Narratives and allegations are not facts, despite what the media would have us believe.
In March 2007 the New York Times Magazine ran a stunning 12,000-word cover story on the subject of “The Women’s War.” It told the story of several female veterans of the war in Iraq, of the sexual assault some had endured in the military, and of their subsequent struggles with alcoholism, depression, PTSD and other effects of combat.
Among the most compelling characters in the piece was a woman named Amorita Randall, who claimed she had barely survived an IED attack on her Humvee and that she had been raped twice in her six years of Navy service.
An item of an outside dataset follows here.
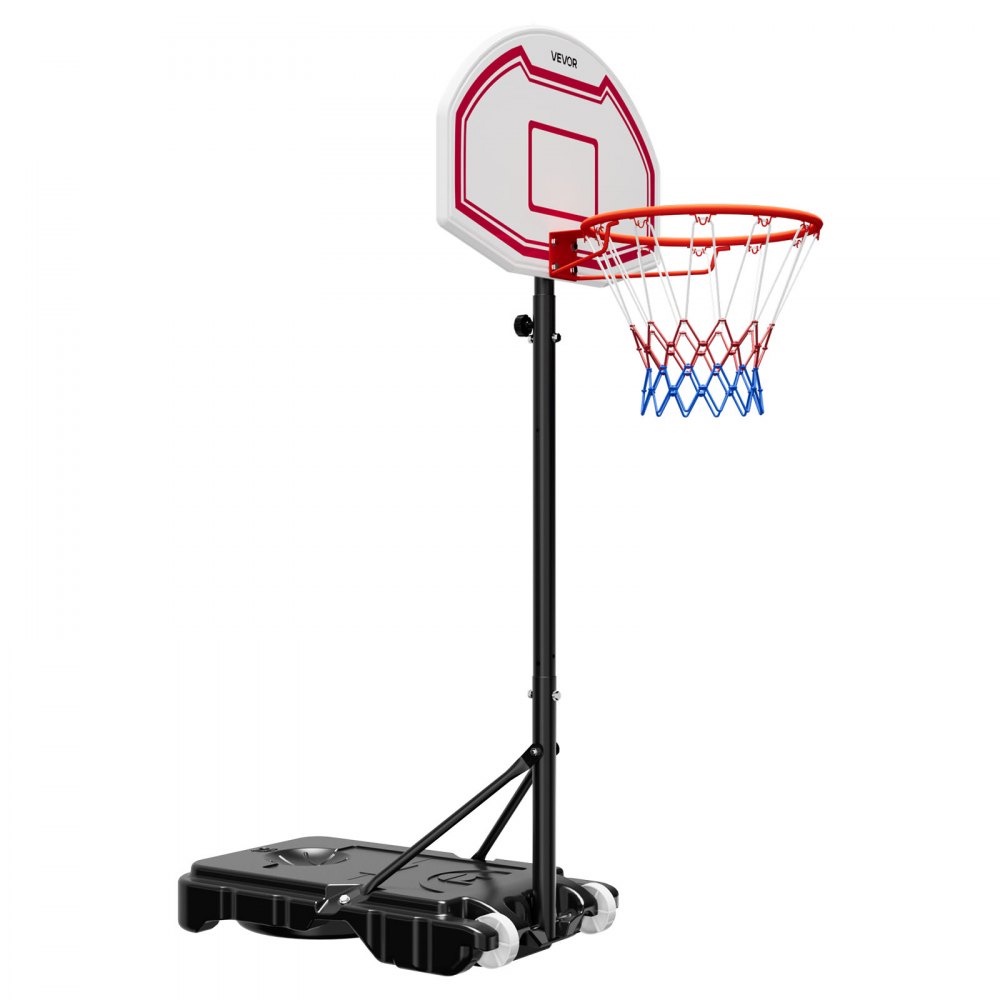 Portable Basketball Stand, 1.6 to 2.1 m Height Adjustable Basketball Hoop, Adjustable Basketball System with Nylon Net & Wheels, Portable Backboard Set for Patio Pool Edge Portable Basketball Stand, 1.6 to 2.1 m Height Adjustable Basketball Hoop, Adjustable Basketball System with Nylon Net & Wheels, Portable Backboard Set for Patio Pool Edge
She claimed to have reported the second incident to her commanders only to be told “not to make such a big deal about it.”
The details are gruesome: “I remember there were other guys in the room too,” Ms. Randall told the Times. “Somebody told me they took pictures and put them on the Internet.” Ms. Randall, added reporter Sara Corbett, “says she has blocked out most of the details of the second rape—something else experts say is a common self-protective measure taken by the brain in response to violent trauma—and that she left Iraq ‘in a daze.’ ”
Only one problem: “Ms. Randall did not serve in Iraq, but may have become convinced she did,” as the Times later acknowledged in an Editors’ Note. Instead, her overseas service was spent in Guam, 6,200 miles away from the combat zone. The Navy, the Times added, “had no record of a sexual-assault report involving Ms. Randall.”